**REQUIRED WORK:** I need an exact copy of the lines from the one containing "Heather McDaniel Obituary (2024)" through the end of the records, without any pictures.

--- PROVIDED INFORMATION ---

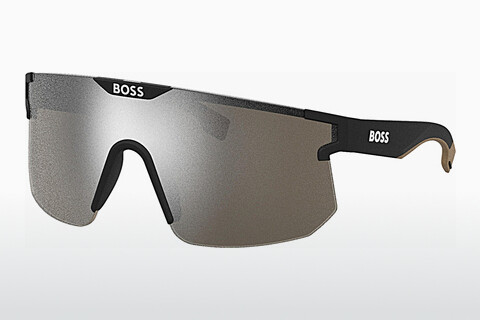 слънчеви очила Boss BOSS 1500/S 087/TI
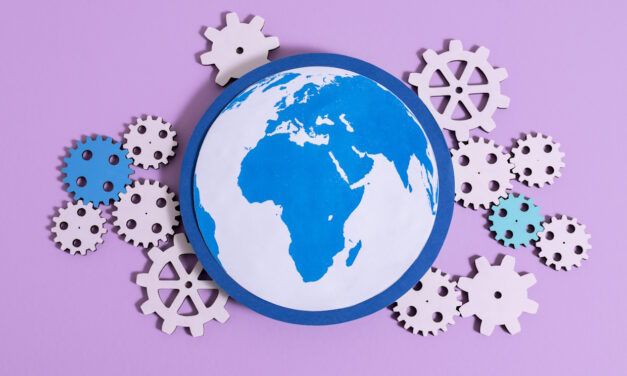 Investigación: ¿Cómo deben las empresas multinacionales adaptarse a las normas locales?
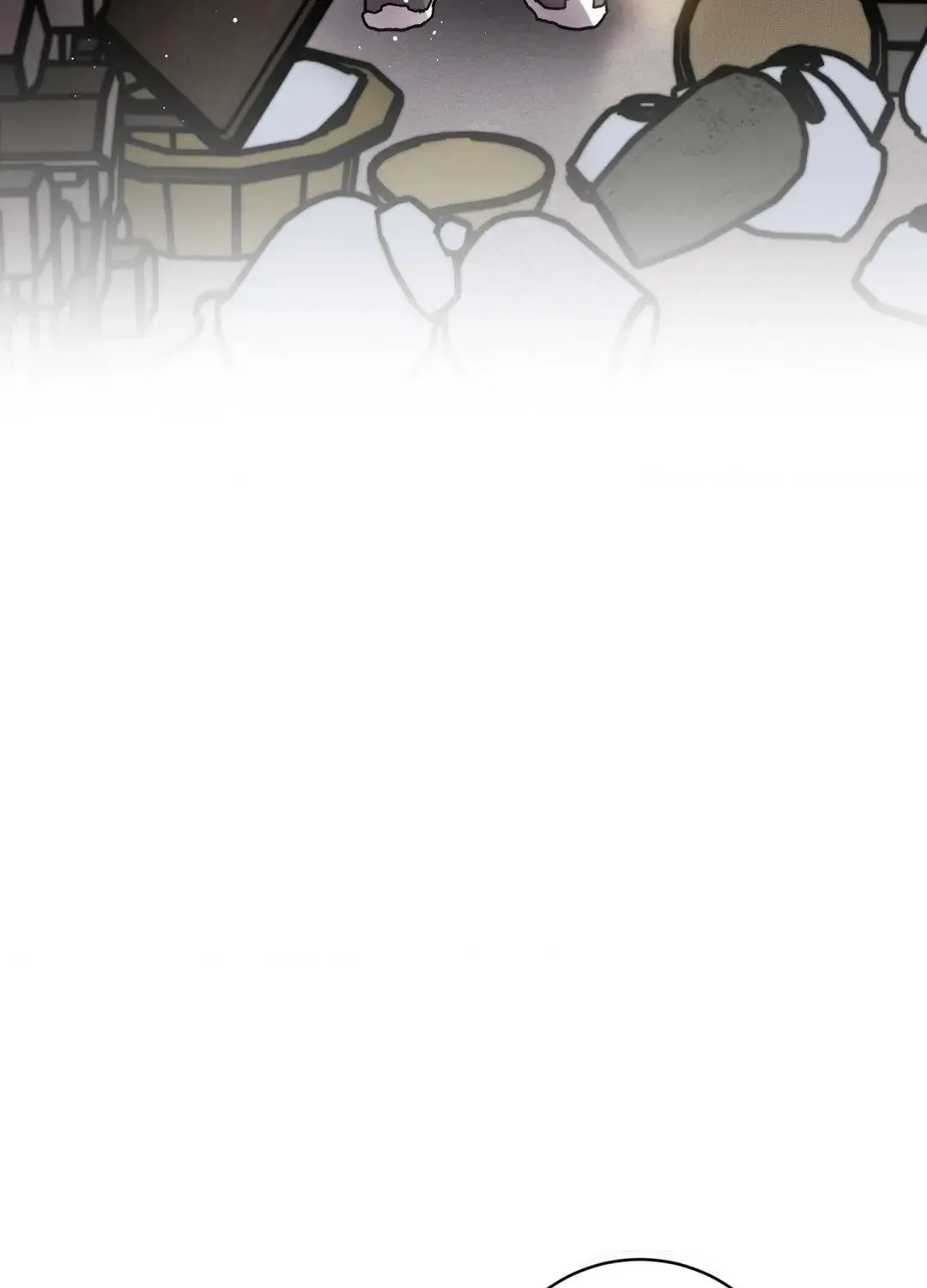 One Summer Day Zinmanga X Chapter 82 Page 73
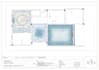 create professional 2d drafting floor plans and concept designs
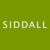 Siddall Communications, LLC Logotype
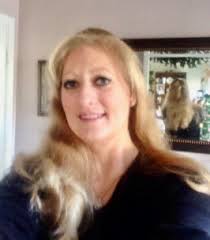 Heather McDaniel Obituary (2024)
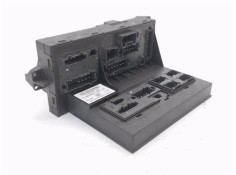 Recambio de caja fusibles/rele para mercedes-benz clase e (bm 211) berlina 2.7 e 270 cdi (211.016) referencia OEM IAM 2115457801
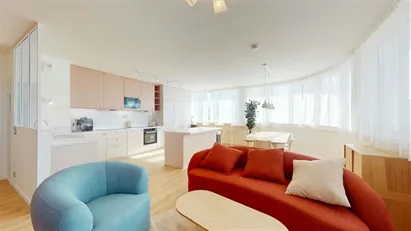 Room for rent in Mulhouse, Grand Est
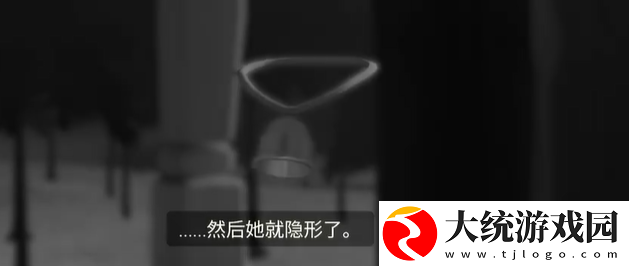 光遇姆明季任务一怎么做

---

**THE COMPLETED TASK:**
 Heather McDaniel Obituary (2024)
 Recambio de caja fusibles/rele para mercedes-benz clase e (bm 211) berlina 2.7 e 270 cdi (211.016) referencia OEM IAM 2115457801
 Room for rent in Mulhouse, Grand Est
 光遇姆明季任务一怎么做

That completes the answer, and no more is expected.